Key Innovation concepts & definitions

A number of concepts are used to describe patterns of innovation. Some of these are summarised below.

Innovation Definition

Innovation can be defined as "The successful exploitation of new ideas". Breaking this down a bit further:

  • New ideas - these might be for a new (or improved) product, process or service, or even a whole new business or business model.
  • Exploitation - this indicates that the idea must be implementable and potentially value generating (i.e. innovation = invention + exploitation).
  • Successful - finally, this implies that the innovation is actually adopted by the target audience (or indeed anyone else)

A strict definition of innovation might restrict it's use to first-of-a-kind breakthroughs, like the jet engine, or the internet, but the term is also commonly used in connection with more modest incremental improvements to existing innovations.

Innovation can refer to the creation of new technologies, products or services, but equally to manufacturing or business processes - think of Pilkington (float glass), Toyota (lean production), Dell (direct sale, build-to-order), Amazon (on-line shopping), Rolls-Royce ('power by the hour'), Nokia (switch from paper & rubber to cellphones).

Note also that 'new' is a relative term - so it can mean 'new to the world', 'new to the market' or 'new to the firm'.

Technology S-curves

The S-curve concept was introduced in Richard Foster's 1986 book Innovation, the Attacker's Advantage, to describe how the performance of a technology varies over time (more strictly how it varies with increased R&D effort or investment).

The basic idea is that technology performance increases with increased effort but eventually hits an upper limit or plateau where further improvement would either be impossible or prohibitively expensive. To achieve a higher performance requires a discontinuous switch to a different technology, which in turn follows its own S-curve. The new S-curve may well start at a performance level below that of the old one, but it has the potential to overtake its predecessor.

The common example is the replacement of sailing ships by steam ships.

Moore's Law

Gordon Moore, co-founder of Intel, observed in a 1965 paper that "the complexity for minimum component cost has increased at a rate of roughly a factor of two per year". He went on to speculate that this trend would continue for at least ten years.

This subsequently became known as Moore's Law, which is usually stated in terms of the number of transistors (or transistor density) doubling every couple of years. Remarkably, this 'law' has held for 25 years, although there is now some evidence of a slight roll-off.

Dominant design

The concept of dominant design was introduced by Abernathy and Utterback in 1978 to describe the emergence of a broadly accepted core design principle from a number of competing incompatible alternatives. Common examples are the QWERTY keyboard, the VHS video standard and the IBM PC. Once a dominant design emerges, innovative activity is generally directed towards improving the process by which the dominant design is delivered - or searching for a new breakthrough or disruptive design.

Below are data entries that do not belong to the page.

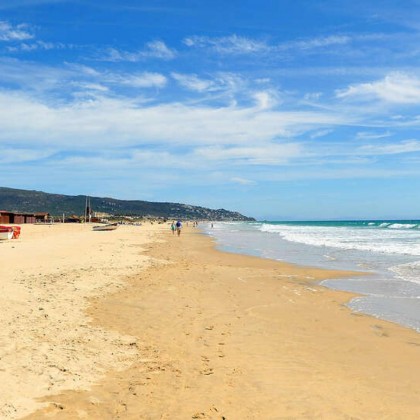 Offer at the beachfront in Zahara de los Atunes in a room with lateral sea views.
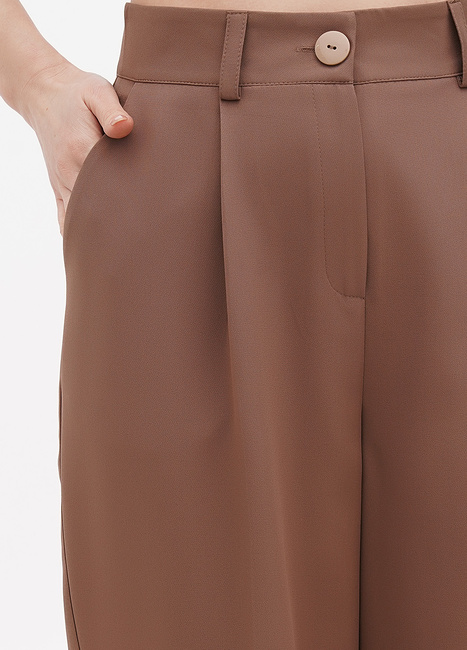 Фото ракурс 4 - Женские коричневые брюки EQUILIBRI артикул AZ Pant CL N CAPPUCCINO SS2024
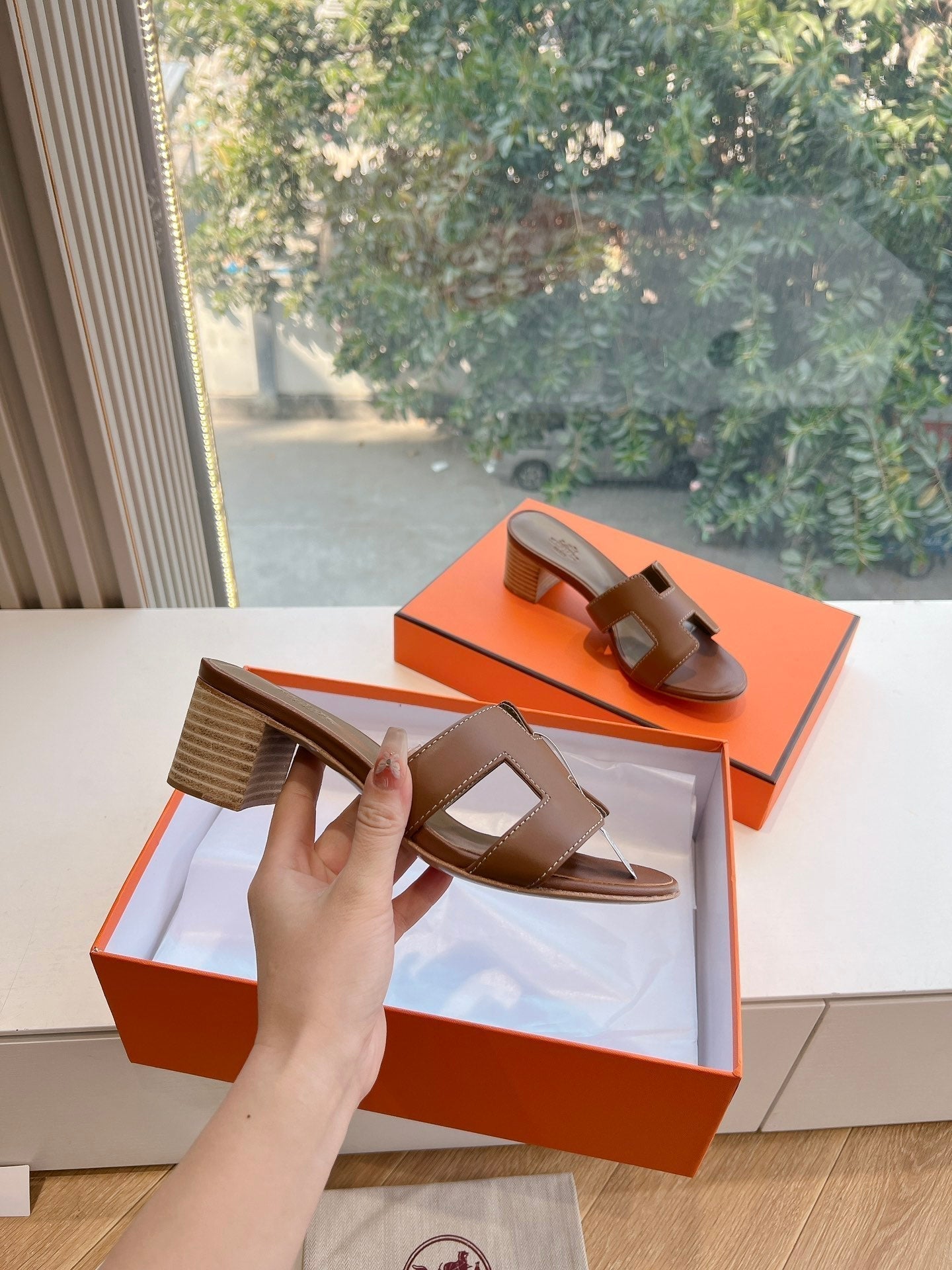 HERMES 0ASIS SANDAL IN CHOCOLATE BROWN CALFSKIN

A dominant design may persist for a considerable period of time, even though it might not represent the best technical solution (e.g. VHS v Betamax).

Disruption

Disruption occurs when an innovation emerges which offers superior performance on along a new dimension, even if performance on conventional measures is initially poor. Incumbents will tend to dismiss the new innovation as of no importance, but it may well create a new market which eventually supersedes the existing market.

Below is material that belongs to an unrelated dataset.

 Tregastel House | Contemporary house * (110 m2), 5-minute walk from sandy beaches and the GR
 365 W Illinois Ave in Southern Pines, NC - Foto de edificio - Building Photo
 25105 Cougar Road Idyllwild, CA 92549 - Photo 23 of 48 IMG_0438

The concept of disruptive innovation is examined in Clayton Christensen's 1997 book The Innovator's Dilemma, based on his study of the disk drive and other industries. In the follow-up Innovator's Solution, he distinguishes between low-end disruptions (targeting the least profitable customers who are 'overserved' by existing products) and new-market disruptions (where new attributes, typically simplicity/convenience appeal to non-consumers, despite poor product performance on traditional criteria).

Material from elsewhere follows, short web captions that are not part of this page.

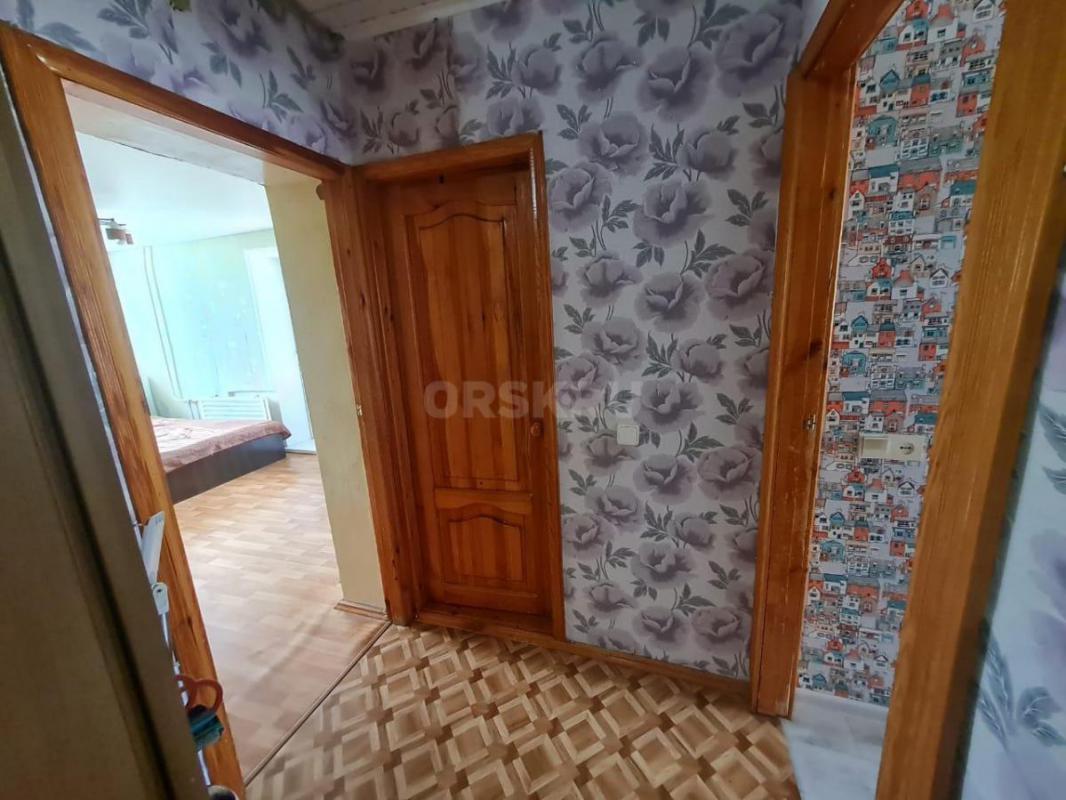 Продам просторную 3-х кoмнатную квартиру по адресу ул. - Орск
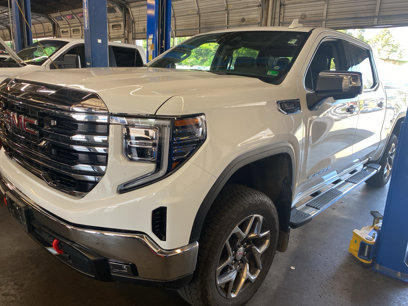 Used 2023 GMC Sierra 1500 SLT w/ SLT Premium Package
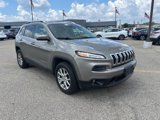 Used 2017 Jeep Cherokee Latitude image 3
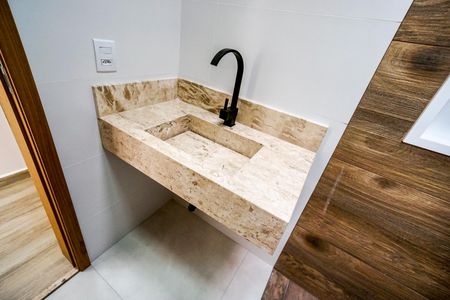 Casa à venda com 100m², 3 quartos e 2 vagas Casa à venda com 100m², 3 quartos e 2 vagasBanheiro social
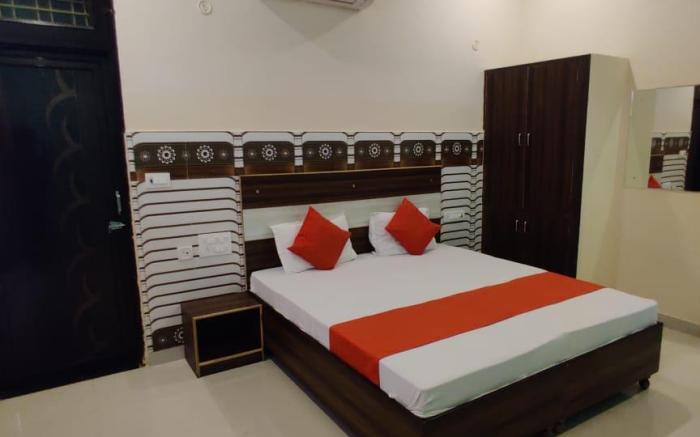 Deepak Hotel And Restaurant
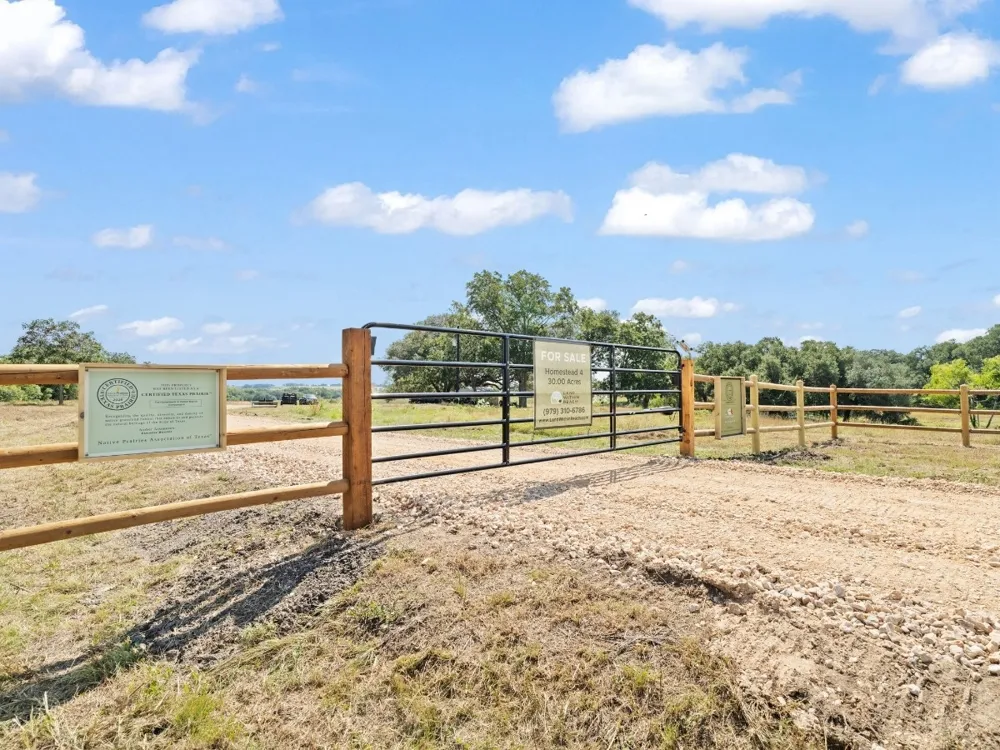 3147 FM 956 Schulenburg, TX 78956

Disruption is however relative: what may be disruptive to one company might be sustaining to another. The internet may have enabled Amazon to be disruptive relative to bricks-and-mortar bookshops, but it has been sustaining to Dell for whom it was merely another channel for its direct-sales PC business.

Diffusion of innovation

Everett Rogers in his 1962 book, The Diffusion of Innovations, examined the way in which innovations spread through social systems. Noting that previous authors had used a variety of labels for describing types of adopter, he proposed a five-way classification: Innovators, Early Adopters, Early Majority, Late Majority and Laggards.

The categories are based on the normal distribution (bell-curve) and each category is one standard deviation wide (except for 'laggards' which is 2 standard deviations wide. Rogers didn't consider it worthwhile to distinguish between two different types of laggard).

Thus Innovators represent the first 2.5% of the population, Early Adopters the next 13.5%, Early Majority the next 34%, Late Majority the next 34% and Laggards, the remaining 16%.

Note that if the bell-curve is plotted cumulatively, it looks like an S-curve.

The 'chasm'

Geoffrey Moore built on these concepts in his 1991 book Crossing the Chasm. The basic idea is that although the first customers for a new product or service - the innovators and early adopters - may provide promising sales and enthusiastic feedback, they nonetheless only represent 16% of the total population. For real commercial success, it is necessary to reach the early/late majority, who represent 68% of the population.

Unfortunately, this group may well have a very different perception of the new product and follow-on sales are by no means guaranteed. This potential gap between the two groups is labelled 'the chasm'.

A good example of products which fell into the chasm would be the early hand-held devices such as the Apple Newton and the Zoomer, which gained early success amongst the early adopters, but completely failed to reach mass-market. The product which crossed the chasm was the simpler and more robust Palm Pilot.

Value capture

Successful exploitation of a new idea implies that at least some of the value is captured by the innovator, yet this is often not the case. If the idea is easily copied, or others are in a better position to exploit the idea, the innovator may in fact capture little of the resulting value. These notions are explored in the work of David Teece.

The concept of appropriability refers to the ease with which the idea can be protected. One approach involves the use of patents, copyrights or trade secrets. Another is licensing, where grant of license may pre-empt a potential competitor. Strong branding may also prove effective (e.g. NutraSweet). An alternative strategy is to simply rely on innovation speed, to outrun potential imitators.

The exploitation of a new idea may require ownership of or access to complementary assets. Examples of these include manufacturing capacity, distribution and sales channels or after-sales support infrastructure. Competition may come from a potential imitator with better control of such assets.

The EMI CAT scanner is often cited as an example of a brilliant innovation which nonetheless failed to capture long-term value through an inability both to protect the basic idea and to establish an infrastructure to support the key US market.